Task item
Whenever a line below includes the word "fireplace", copy that line.

[[ Source data, beginning ]]

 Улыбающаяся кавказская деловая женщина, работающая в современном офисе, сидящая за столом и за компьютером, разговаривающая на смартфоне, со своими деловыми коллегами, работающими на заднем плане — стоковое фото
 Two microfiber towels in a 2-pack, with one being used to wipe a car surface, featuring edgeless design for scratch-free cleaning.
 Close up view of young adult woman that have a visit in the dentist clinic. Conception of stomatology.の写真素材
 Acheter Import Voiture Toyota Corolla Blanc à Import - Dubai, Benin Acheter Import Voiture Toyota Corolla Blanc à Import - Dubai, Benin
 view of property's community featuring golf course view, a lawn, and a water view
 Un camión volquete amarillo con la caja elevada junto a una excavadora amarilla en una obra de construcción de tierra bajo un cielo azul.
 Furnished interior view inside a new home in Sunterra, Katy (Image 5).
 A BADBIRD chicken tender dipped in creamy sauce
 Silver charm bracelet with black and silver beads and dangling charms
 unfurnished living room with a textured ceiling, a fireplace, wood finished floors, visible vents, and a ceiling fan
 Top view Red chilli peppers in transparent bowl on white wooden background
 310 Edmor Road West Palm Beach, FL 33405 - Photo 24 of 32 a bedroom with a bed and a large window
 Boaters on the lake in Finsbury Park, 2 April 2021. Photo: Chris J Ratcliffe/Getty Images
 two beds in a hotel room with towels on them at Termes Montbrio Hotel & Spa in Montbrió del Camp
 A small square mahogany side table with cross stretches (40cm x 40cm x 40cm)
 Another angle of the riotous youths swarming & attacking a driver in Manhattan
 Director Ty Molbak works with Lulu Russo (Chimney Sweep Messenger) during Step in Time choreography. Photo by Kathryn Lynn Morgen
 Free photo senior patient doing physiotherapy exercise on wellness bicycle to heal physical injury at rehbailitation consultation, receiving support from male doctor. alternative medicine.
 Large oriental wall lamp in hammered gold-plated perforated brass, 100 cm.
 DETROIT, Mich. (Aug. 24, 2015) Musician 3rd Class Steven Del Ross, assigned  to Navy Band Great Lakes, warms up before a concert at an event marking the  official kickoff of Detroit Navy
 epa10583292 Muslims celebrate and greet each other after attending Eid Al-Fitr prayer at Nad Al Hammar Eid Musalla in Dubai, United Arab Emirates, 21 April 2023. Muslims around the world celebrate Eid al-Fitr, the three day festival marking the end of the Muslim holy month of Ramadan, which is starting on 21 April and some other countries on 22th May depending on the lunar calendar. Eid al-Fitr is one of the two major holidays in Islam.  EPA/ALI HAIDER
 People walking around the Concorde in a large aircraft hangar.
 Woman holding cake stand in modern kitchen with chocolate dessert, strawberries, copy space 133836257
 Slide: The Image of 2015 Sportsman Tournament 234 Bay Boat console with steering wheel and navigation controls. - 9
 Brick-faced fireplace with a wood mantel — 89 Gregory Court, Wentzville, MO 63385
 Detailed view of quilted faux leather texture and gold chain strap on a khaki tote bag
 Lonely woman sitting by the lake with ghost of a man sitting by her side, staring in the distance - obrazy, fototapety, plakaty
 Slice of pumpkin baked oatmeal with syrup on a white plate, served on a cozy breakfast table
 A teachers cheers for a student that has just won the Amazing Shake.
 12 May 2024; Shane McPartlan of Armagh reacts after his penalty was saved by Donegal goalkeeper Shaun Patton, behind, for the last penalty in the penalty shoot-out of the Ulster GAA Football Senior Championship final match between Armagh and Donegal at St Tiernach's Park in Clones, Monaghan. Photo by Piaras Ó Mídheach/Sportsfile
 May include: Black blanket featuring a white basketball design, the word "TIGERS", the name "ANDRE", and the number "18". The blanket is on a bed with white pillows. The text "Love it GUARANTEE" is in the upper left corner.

[[ Source data, end ]]

Solution
 unfurnished living room with a textured ceiling, a fireplace, wood finished floors, visible vents, and a ceiling fan
 Brick-faced fireplace with a wood mantel — 89 Gregory Court, Wentzville, MO 63385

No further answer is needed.